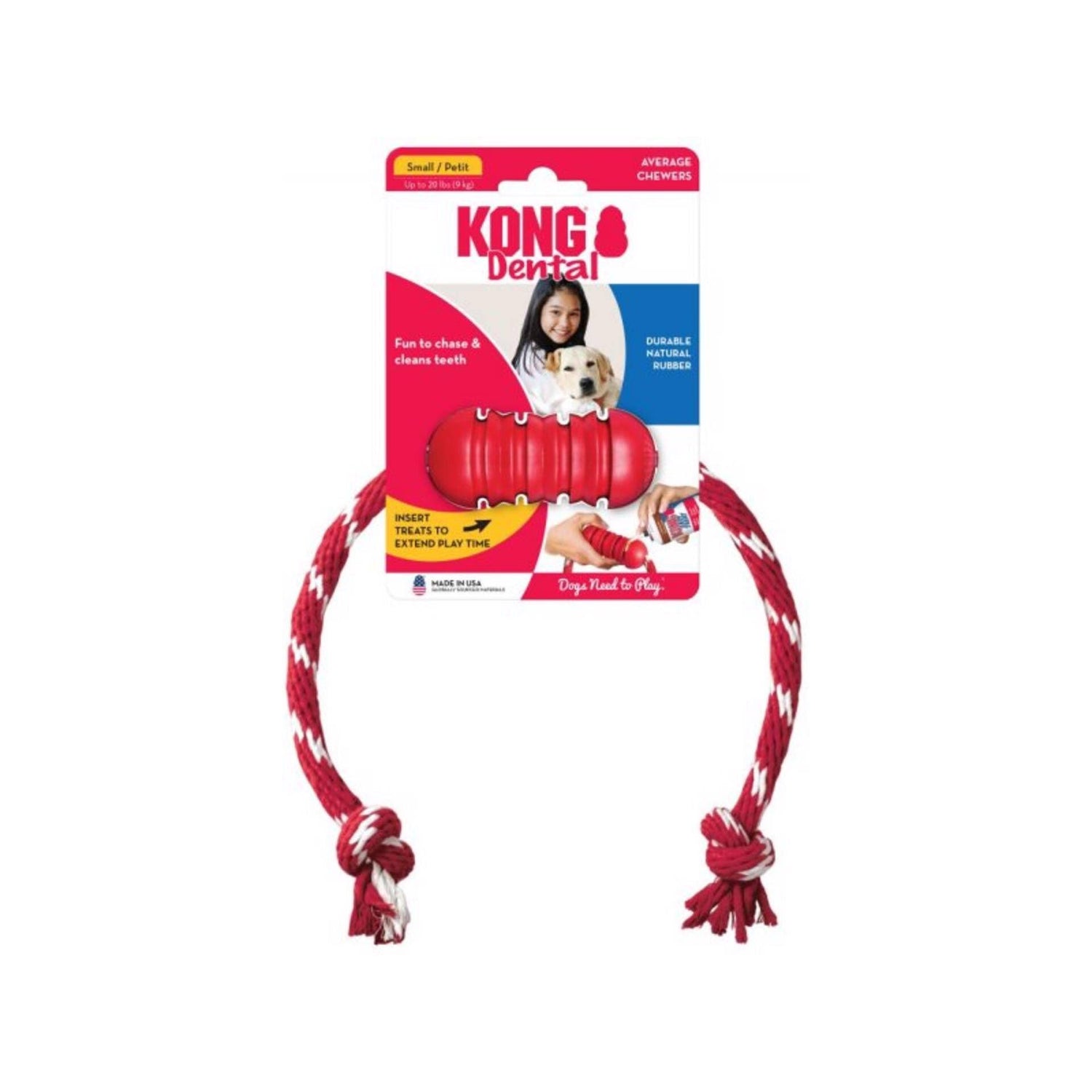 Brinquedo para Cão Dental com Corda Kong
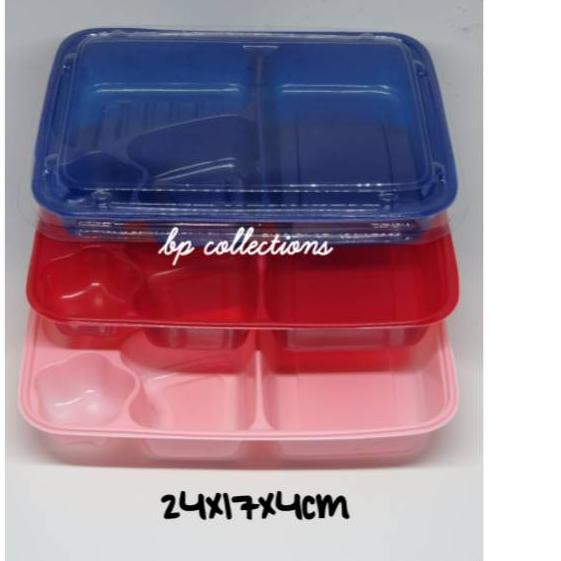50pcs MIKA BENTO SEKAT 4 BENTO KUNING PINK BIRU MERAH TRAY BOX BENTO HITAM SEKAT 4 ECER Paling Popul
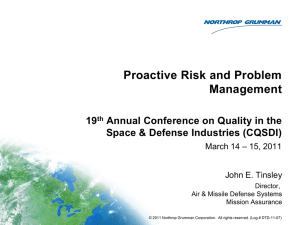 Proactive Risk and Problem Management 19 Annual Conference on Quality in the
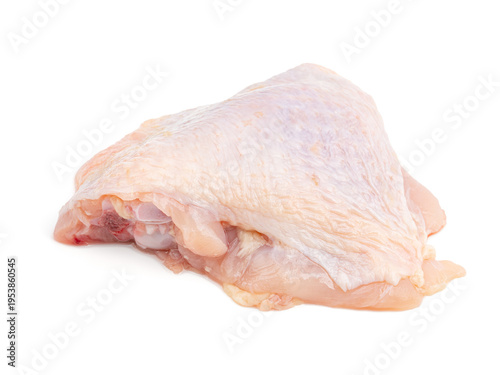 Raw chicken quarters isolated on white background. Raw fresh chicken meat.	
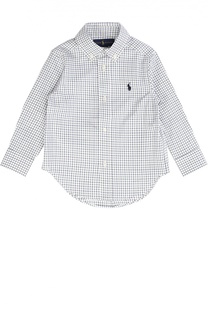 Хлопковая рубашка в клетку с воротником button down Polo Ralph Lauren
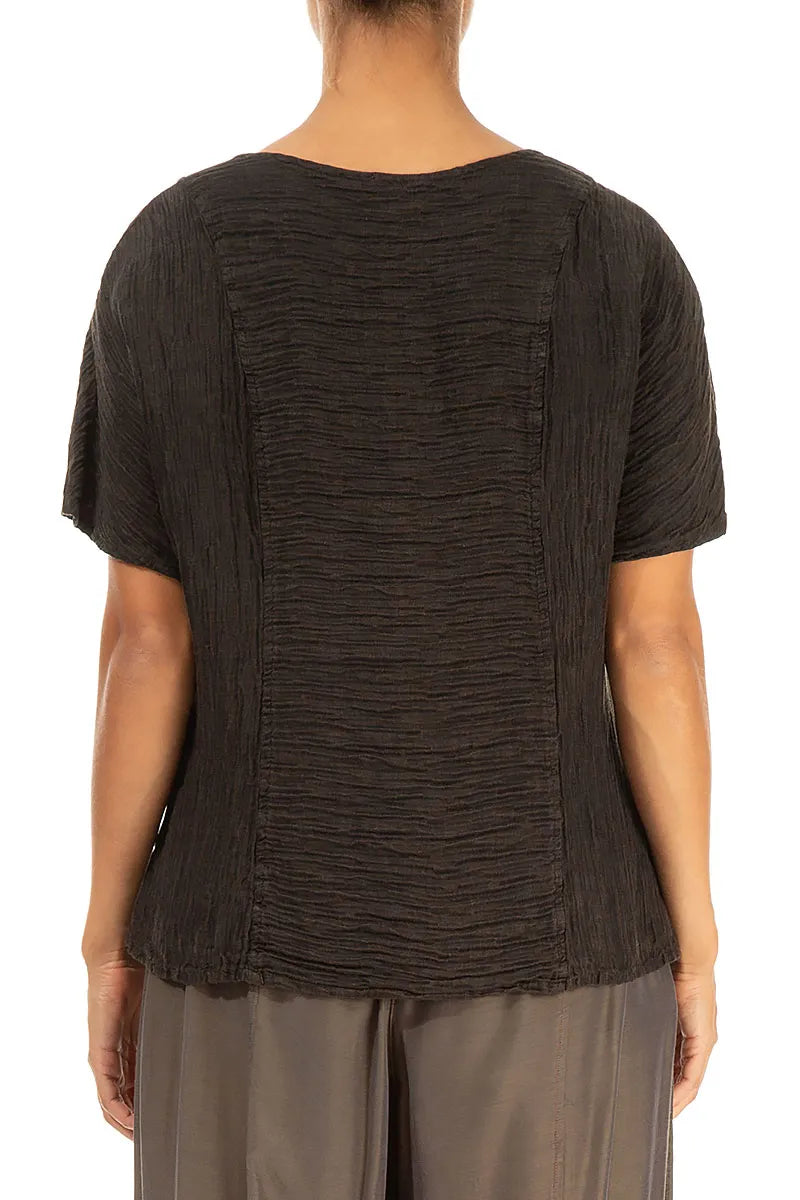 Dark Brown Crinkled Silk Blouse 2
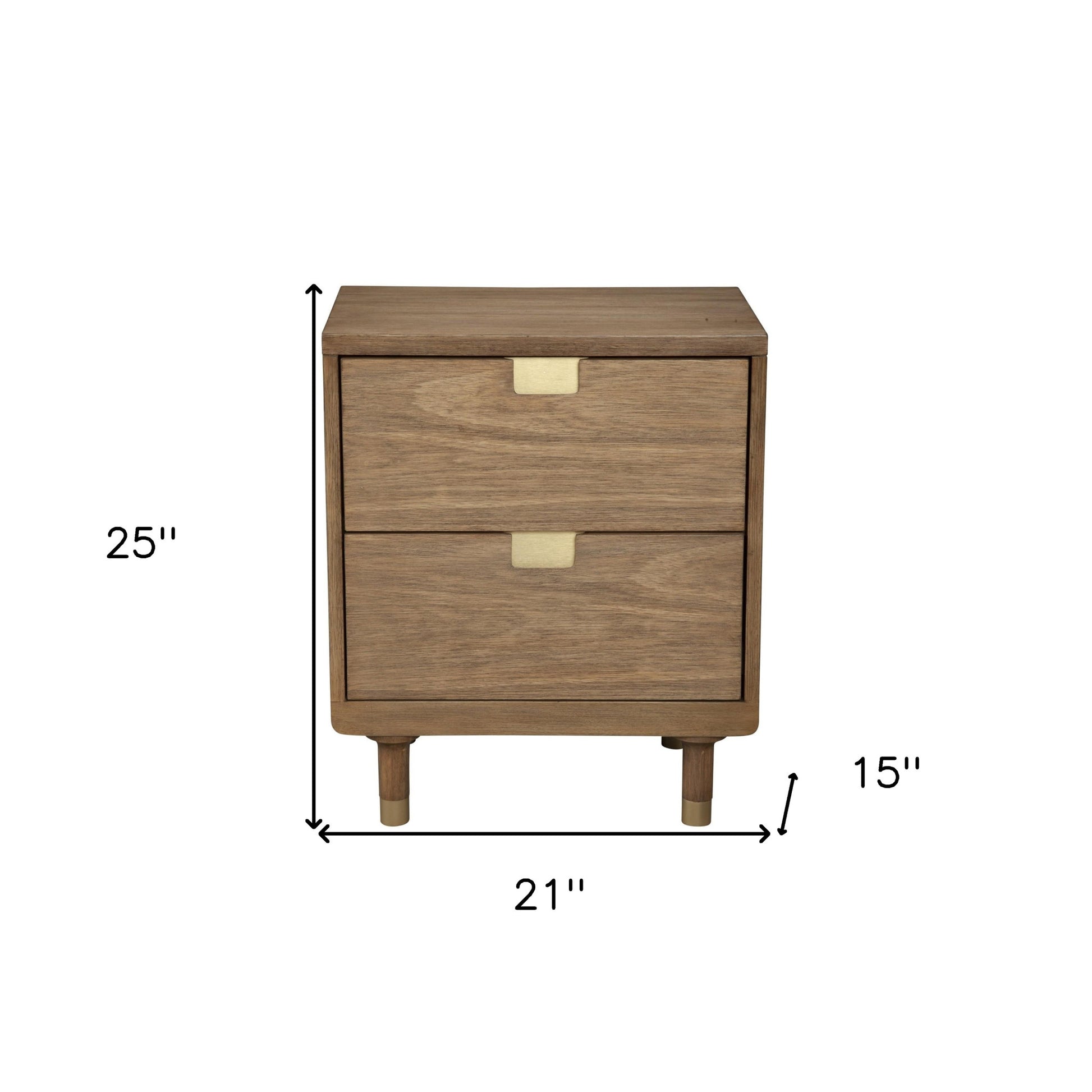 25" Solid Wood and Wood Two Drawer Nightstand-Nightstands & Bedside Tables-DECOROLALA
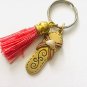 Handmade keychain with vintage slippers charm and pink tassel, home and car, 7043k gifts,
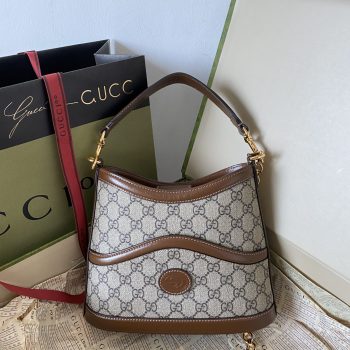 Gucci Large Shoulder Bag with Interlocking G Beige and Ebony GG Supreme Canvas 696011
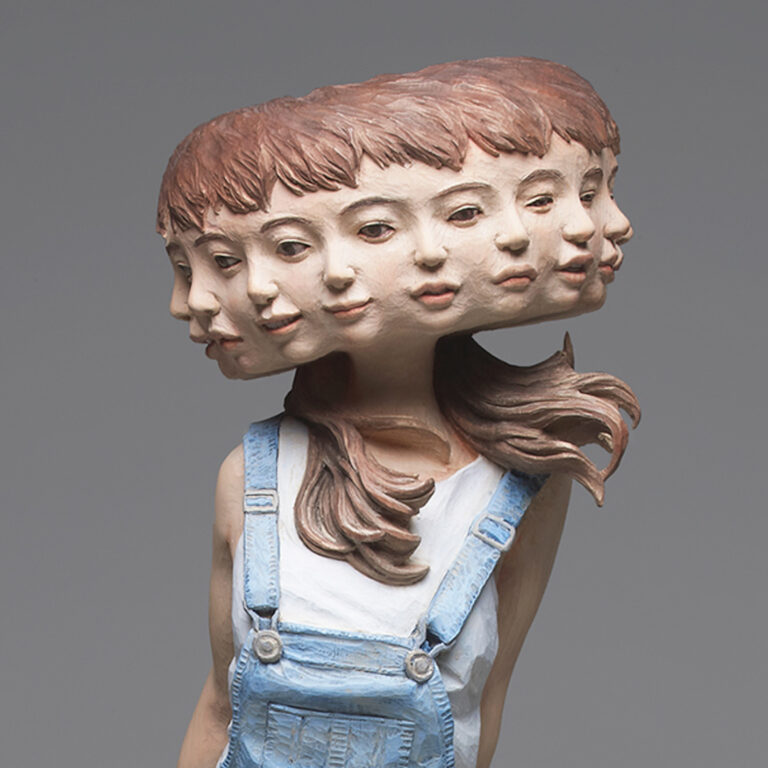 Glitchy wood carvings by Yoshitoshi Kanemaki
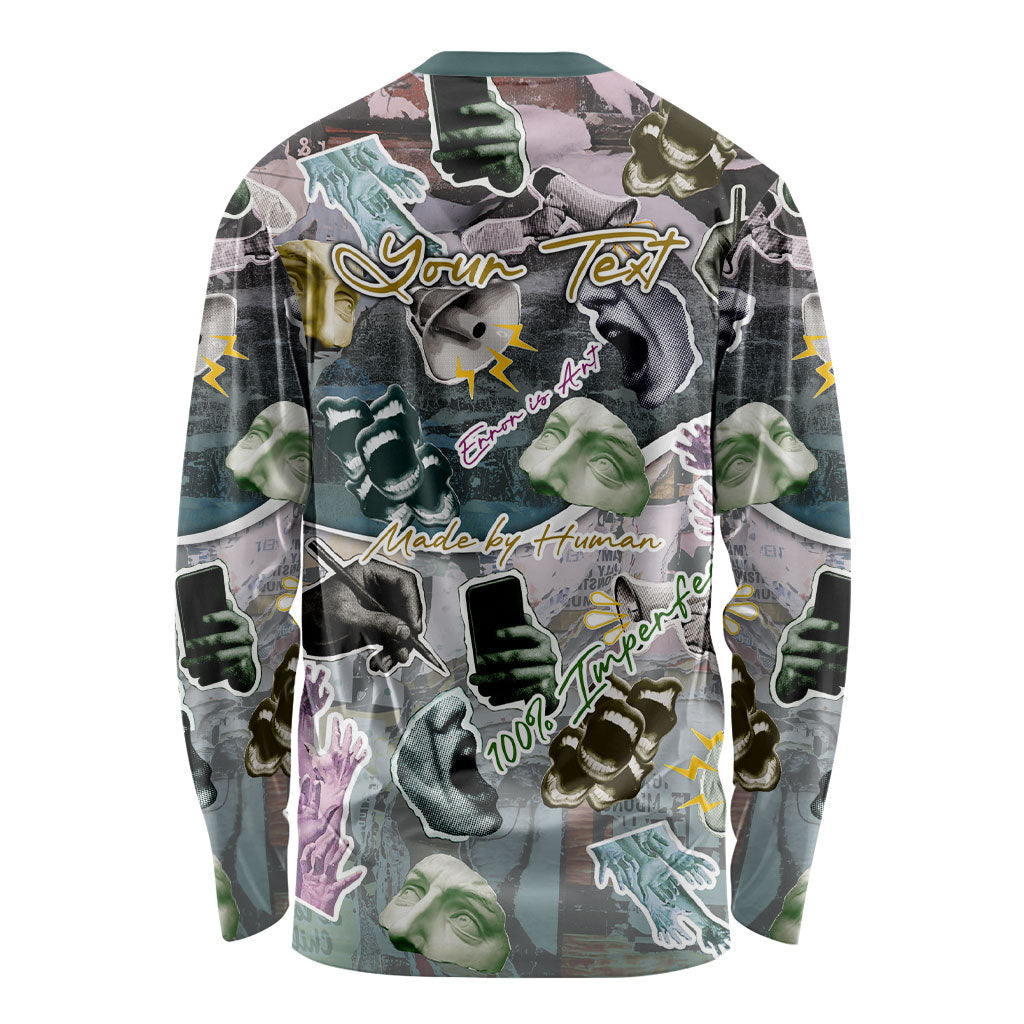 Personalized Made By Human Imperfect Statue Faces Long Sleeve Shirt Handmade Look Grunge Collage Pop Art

** The task **
Print exactly, and only, the lines from the one with "Glitchy wood carvings by Yoshitoshi Kanemaki" through the last line of the listing above. No pictures belong in the copy.

** Response to this exercise **
 Glitchy wood carvings by Yoshitoshi Kanemaki
 Personalized Made By Human Imperfect Statue Faces Long Sleeve Shirt Handmade Look Grunge Collage Pop Art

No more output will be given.